FitzRoy hizo una pausa para que los hombres pudieran asimilar lo que acababa de decir. La reacción de éstos ante los grogs diluidos que los esperaban fue un grito ahogado de asombro.

—El ron estará prohibido para los menores de dieciséis años —prosiguió, e hizo otra pausa, que fue interrumpida por otro grito ahogado, esa vez más débil y agudo—. El juego está terminantemente prohibido. Así como las mujeres cuando el barco esté en puerto. Antes del oficio dominical, todos los oficiales y marineros que sepan leer y escribir, y aquí me incluyo yo, serán requeridos para contribuir a la educación de aquellos que no saben. Éste será un barco moderno, regido por directrices modernas. Pero el castigo para quien desobedezca cualquiera de estas nuevas normas, o cualquier otra orden, será a la antigua. En particular, cualquiera que por su negligencia ponga en peligro el barco o la vida de otro hombre de la tripulación será azotado, como está a punto de comprobar el cabo de maniobra Gilly.

»La reparación nos mantendrá ocupados a todos durante las próximas dos semanas. No obstante, prometo que os concederé un permiso para bajar a tierra. Espero que lo disfrutéis. Así como espero que todos conozcáis la pena por deserción.
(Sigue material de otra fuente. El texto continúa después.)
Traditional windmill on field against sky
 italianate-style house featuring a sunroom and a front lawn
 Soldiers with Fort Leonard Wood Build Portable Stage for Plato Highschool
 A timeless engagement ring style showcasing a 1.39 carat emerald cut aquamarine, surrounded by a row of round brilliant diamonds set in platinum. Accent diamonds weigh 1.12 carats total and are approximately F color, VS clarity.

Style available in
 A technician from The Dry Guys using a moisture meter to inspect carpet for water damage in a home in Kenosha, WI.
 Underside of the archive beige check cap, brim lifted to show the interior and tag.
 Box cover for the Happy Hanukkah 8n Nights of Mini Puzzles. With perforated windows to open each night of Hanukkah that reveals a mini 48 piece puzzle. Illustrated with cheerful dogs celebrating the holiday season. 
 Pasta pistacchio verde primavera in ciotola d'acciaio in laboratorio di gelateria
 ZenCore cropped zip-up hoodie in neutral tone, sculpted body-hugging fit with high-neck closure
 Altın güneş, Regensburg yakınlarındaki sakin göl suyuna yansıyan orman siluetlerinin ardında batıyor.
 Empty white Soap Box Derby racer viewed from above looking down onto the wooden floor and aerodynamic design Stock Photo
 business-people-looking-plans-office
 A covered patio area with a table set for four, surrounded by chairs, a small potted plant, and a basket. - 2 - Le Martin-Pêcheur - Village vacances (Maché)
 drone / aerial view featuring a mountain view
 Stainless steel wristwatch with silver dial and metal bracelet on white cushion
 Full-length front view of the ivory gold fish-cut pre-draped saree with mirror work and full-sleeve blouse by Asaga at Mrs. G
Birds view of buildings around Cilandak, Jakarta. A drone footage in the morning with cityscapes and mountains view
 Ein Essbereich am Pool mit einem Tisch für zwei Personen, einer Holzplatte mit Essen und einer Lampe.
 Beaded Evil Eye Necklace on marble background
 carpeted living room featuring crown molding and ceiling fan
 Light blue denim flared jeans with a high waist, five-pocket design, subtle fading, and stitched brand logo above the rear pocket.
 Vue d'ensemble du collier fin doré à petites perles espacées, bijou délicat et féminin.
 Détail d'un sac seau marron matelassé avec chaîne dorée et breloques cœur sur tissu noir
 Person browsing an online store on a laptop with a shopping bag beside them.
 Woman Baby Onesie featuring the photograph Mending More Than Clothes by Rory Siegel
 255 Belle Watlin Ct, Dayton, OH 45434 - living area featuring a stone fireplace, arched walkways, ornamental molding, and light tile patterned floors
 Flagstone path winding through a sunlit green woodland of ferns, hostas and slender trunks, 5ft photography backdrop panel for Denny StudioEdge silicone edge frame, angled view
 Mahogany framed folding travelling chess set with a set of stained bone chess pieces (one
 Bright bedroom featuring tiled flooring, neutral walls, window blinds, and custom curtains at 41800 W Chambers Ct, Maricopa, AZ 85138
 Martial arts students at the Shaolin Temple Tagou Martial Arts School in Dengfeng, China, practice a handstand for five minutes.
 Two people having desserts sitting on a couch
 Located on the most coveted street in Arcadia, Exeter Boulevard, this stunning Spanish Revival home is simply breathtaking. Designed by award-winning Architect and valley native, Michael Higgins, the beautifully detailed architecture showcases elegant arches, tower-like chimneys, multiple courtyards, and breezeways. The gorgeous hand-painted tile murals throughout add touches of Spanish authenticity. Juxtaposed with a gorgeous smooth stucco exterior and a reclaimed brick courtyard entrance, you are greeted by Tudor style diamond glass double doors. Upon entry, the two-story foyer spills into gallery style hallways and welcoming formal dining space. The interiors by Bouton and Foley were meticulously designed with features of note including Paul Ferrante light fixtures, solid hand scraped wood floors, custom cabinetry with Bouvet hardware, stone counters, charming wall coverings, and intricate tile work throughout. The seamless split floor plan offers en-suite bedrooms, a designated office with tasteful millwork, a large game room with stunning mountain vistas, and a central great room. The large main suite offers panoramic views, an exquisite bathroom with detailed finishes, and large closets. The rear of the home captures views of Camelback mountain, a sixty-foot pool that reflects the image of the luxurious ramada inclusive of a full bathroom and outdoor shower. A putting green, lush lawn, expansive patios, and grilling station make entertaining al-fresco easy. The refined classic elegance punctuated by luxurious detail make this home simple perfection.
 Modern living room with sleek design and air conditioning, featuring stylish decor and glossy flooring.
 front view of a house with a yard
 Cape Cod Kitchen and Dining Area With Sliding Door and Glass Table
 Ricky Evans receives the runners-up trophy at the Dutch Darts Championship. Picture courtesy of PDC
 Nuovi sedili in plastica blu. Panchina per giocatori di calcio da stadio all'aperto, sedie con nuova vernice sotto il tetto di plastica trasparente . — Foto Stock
»Cuando volváis, empezaréis a trabajar en serio. Me propongo conseguir que el Beagle sea el barco más disciplinado y mejor comandado del océano. Mi objetivo es que todos vosotros estéis orgullosos de pertenecer a su tripulación. Ése es mi cometido, y también el vuestro. Os doy las gracias por haberme dedicado vuestro tiempo. Podéis regresar a vuestras tareas.

Los marineros murmuraron entre sí durante unos segundos y después empezaron a desaparecer por las numerosas escotillas y aberturas del barco. FitzRoy soltó la caja de la brújula.

—Muy bien, señor —susurró Sulivan.

—Al menos no han arremetido contra el alcázar, blandiendo el alfanje mientras gritaban «¡Libertad!» —dijo Skyring—. Y ahora, si me lo permite, capitán, iré a recoger mis efectos personales. Le deseo mucha suerte. No es la mejor tripulación que haya cruzado los océanos, pero tampoco es la peor. Tiene muchas posibilidades; estoy seguro de que usted logrará desarrollarlas.

—Le agradezco mucho su amabilidad. —FitzRoy sonrió cortésmente, y los dos hombres se estrecharon la mano una vez más.

Sólo quedaba por resolver el asunto del cabo de maniobra Gilly. Como era habitual, toda la dotación se reunió ante el portalón a las tres horas de la guardia para presenciar la azotaina. Arrancaron a Gilly la basta chaqueta de lona y lo ataron. Las cicatrices que le recorrían la espalda delataban a las claras que había despertado la ira del capitán Stokes —así como sin duda la de algunos de sus predecesores— en más de una ocasión. Sorrell, ansioso por causar una buena impresión, se aplicó a conciencia en su labor desde el primer golpe, pero Gilly apretó los dientes con fuerza, decidido a no dejar escapar ningún gemido.

Al segundo azote, FitzRoy dejó de mirar al marinero descarriado para observar la costa. A lo lejos, distanciándose lentamente del barco mientras éste se mecía arriba y abajo a causa de la fuerte brisa, pudo divisar el bote de remos, y en él la inconfundible cabellera rubio platino de Bennet, prácticamente oculto por las anchas espaldas de las rollizas brasileñas que iban sentadas juntas. FitzRoy se volvió y miró una vez más la cubierta, y al mar de caras vigilantes bajo su mando, y advirtió, para su incomodidad, que todos los ojos estaban clavados, no en la azotaina, sino en él.